Millennials – lazy, entitled, unfocused and ill-equipped for leadership positions at America’s top companies and institutions. Well, that’s according to some naysayers who warn of the impending wave of millennials into the workforce. Is this criticism correct in its portrayal of millennials or is it simply a hyperbolic yet predictable grievance of one cohort to another?
Well, Believe it or not, millennials will comprise more than one of three adult Americans by 2020 and 75 percent of the workforce by 2025 – according to a study conducted by the Brookings Institution.
If these projections, as well as the stereotypical assumptions associated with millennials, are correct then that leaves less than a decade for the current leadership to train the next generation of leaders.
Jamila Abston, a CPA and partner at Ernst & Young LLP, is not only pushing back on this fear of millennials in leadership positions she is also an example of what a millennial leader can accomplish.
Originally from Mobile, Alabama, Jamila considers herself a proud Southerner who excelled inside and outside of the classroom. Growing up she was studious, but was also pretty active in extracurricular activities at school and in her community.
Not only did Jamila graduate Valedictorian of her high school she was also a member of the student government association, advanced chorus, and the Shakespeare Club. On top of her academic success she also worked at The Gap in her local mall, played the piano, and was a Girl Scout from second grade through high school! So much for millennials being lazy.
I had the pleasure of interviewing Jamila to get her thoughts about millennials in the workforce and how to better prepare this generation to take the reigns in the coming decade. The following are some questions and answers showcasing Jamila’s thoughts and opinions of millennial leadership as well as her own experience in her career.

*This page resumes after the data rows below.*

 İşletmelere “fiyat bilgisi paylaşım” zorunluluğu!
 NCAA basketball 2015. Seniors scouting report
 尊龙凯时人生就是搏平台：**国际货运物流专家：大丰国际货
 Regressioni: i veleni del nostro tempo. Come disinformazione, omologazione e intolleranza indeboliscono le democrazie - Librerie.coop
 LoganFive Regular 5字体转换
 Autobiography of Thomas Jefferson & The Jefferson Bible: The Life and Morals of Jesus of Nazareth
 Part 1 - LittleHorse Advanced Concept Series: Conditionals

How was your college experience? Did you always want to go into accounting? Did you have internships?
My college experiences were fantastic – all three universities added to my professional and personal development. I earned my undergraduate degree in Accounting from Florida A & M University (FAMU), my masters in Accounting at the University of Virginia, and my MBA from Yale University. I had accounting and marketing internships during my time at FAMU. Originally, I wanted to be a corporate lawyer, and my dad convinced me to major in Accounting as a back-up plan in case I didn’t like law. Once I began my accounting career, I never ended up pursuing law school, and I think it all worked out as it should have!

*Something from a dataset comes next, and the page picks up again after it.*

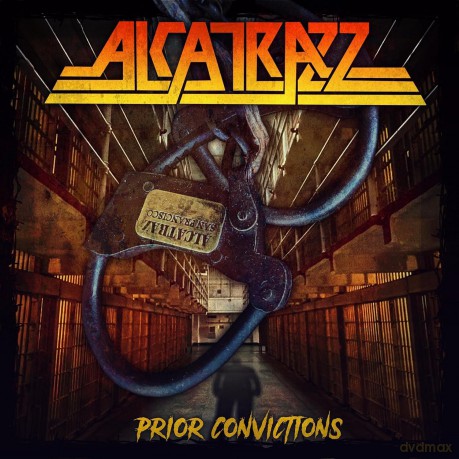 Alcatrazz: Prior Convictions [CD]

How did you get your first job out of college?
My first professional job was with Ernst and Young (EY), and EY recruited me on campus while at FAMU.
What are some struggles you’ve had in your career and how have you overcome those obstacles?

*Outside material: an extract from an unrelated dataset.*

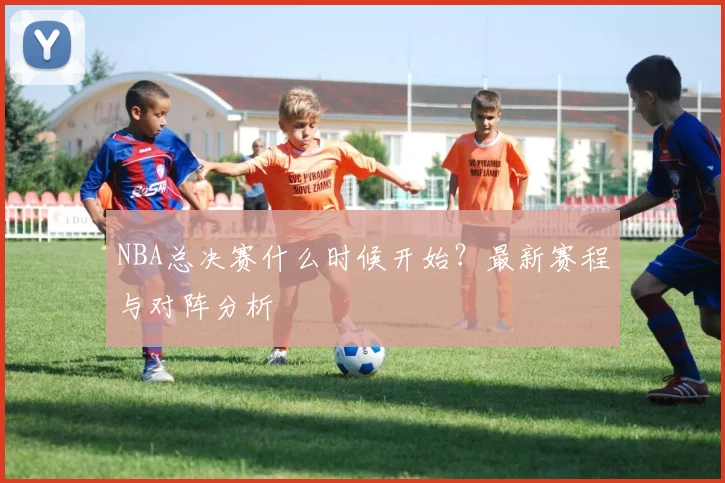 NBA总决赛什么时候开始？最新赛程与对阵分析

Completing the CPA exam while travelling for work (and often travelling internationally) was a challenge! It took serious commitment, late nights, and most weekends for two years before I finished all four parts of the exam.
How were you able to get into leadership positions during your career?
By asking for the opportunities, taking on challenging assignments, and aiming to perform consistently with excellence.
What qualities made you successful?
Inquisitiveness, discipline, persistence, ambition, and flexibility.
What advice would you give to those entering the workforce who are looking to get into those leadership positions?
Be open to taking on hard projects and venturing into unknown territory in order to “earn the stripes” for a new role. Oftentimes, challenging experiences are the ones that teach us the most and give us a new set of skills to be best prepared for promotion.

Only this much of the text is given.